= Work required =
Output only the lines from the line holding "这些要是在战旗实装我觉得打高级变异体呀 4" through the close of the records, exactly as they appear, with all pictures omitted.
[[ Available data open ]]
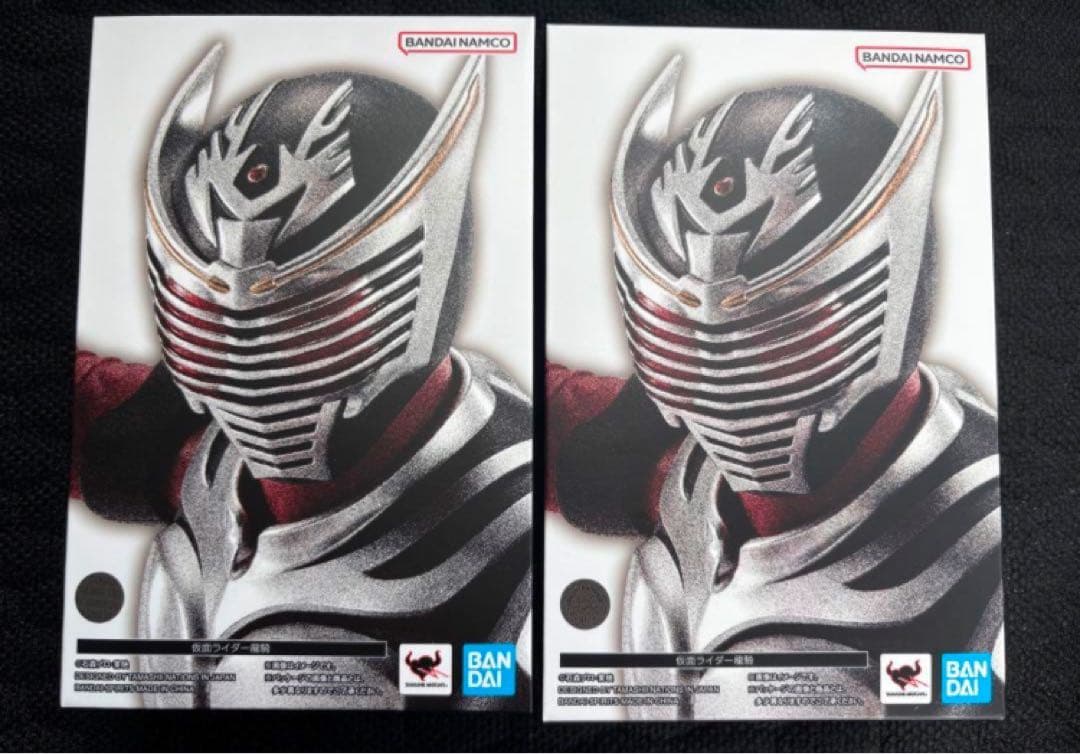S.H.Figuarts 真骨彫 仮面ライダー龍騎 2個 未開封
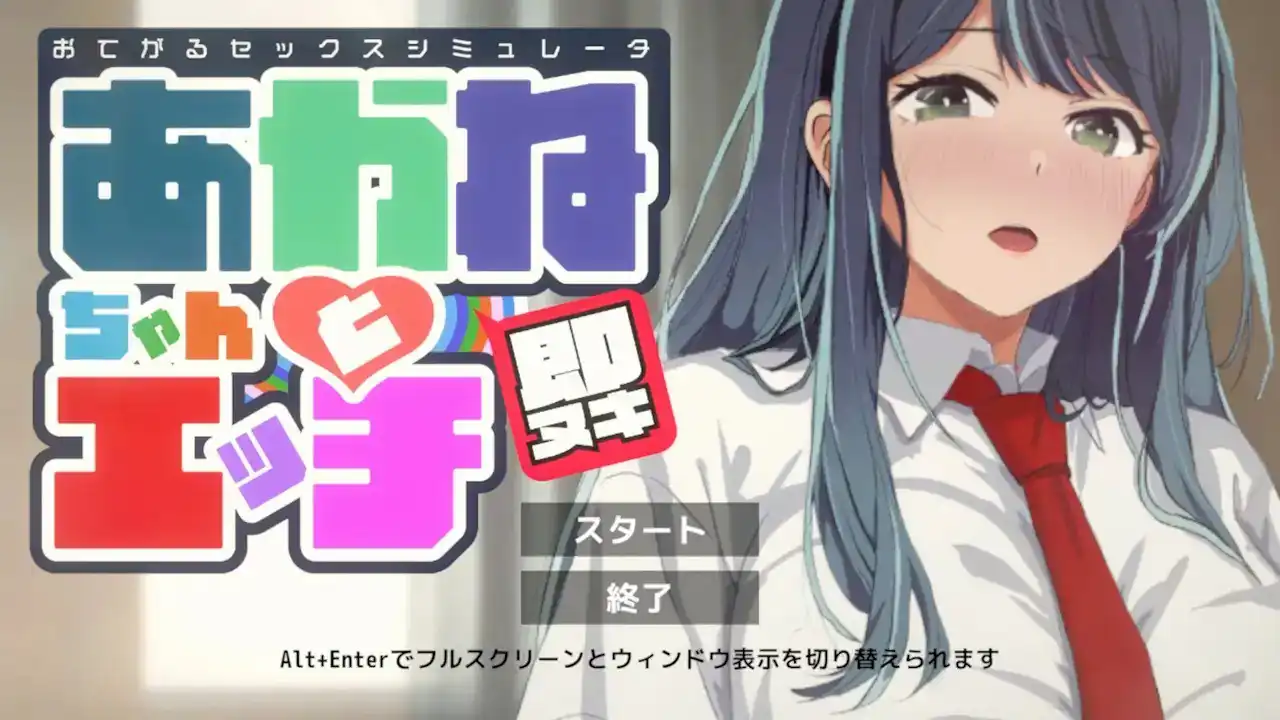 即ヌキ あかねちゃんとエッチ おてがるセックスシミュレータ  Ver1.0-魅力次元屋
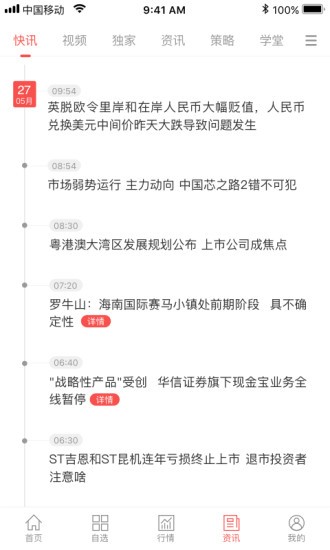 e融汇中国银行手机版v5.6.8(3)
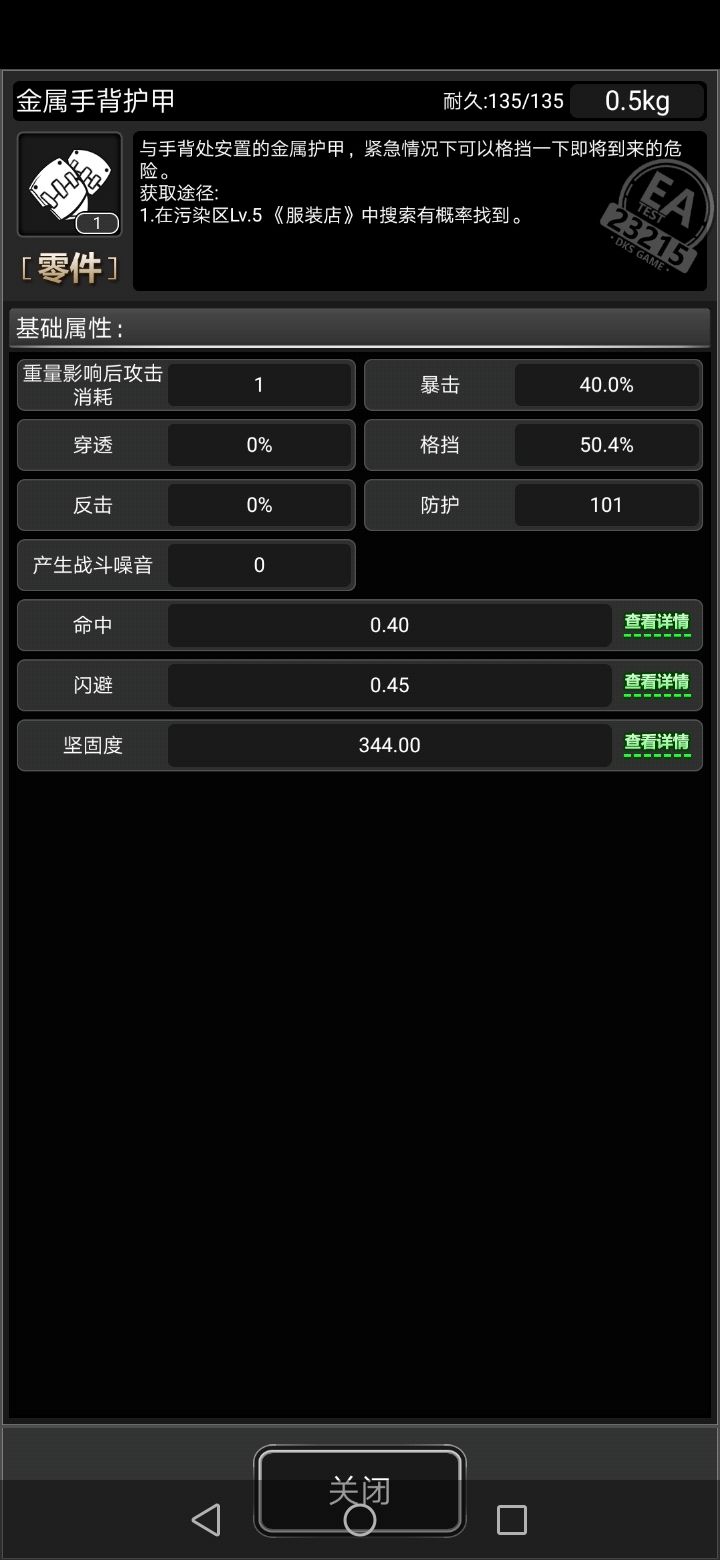 这些要是在战旗实装我觉得打高级变异体呀 4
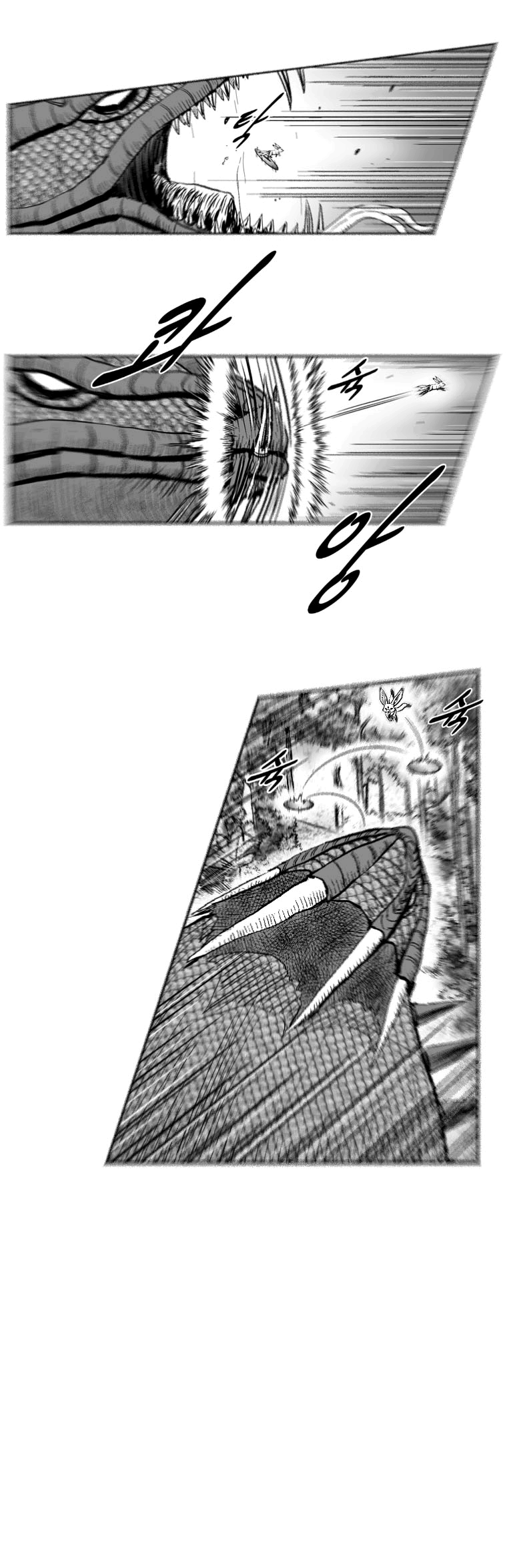 Read Red Storm PT Manga Online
[[ Available data closed ]]
= Your response =
 这些要是在战旗实装我觉得打高级变异体呀 4
 Read Red Storm PT Manga Online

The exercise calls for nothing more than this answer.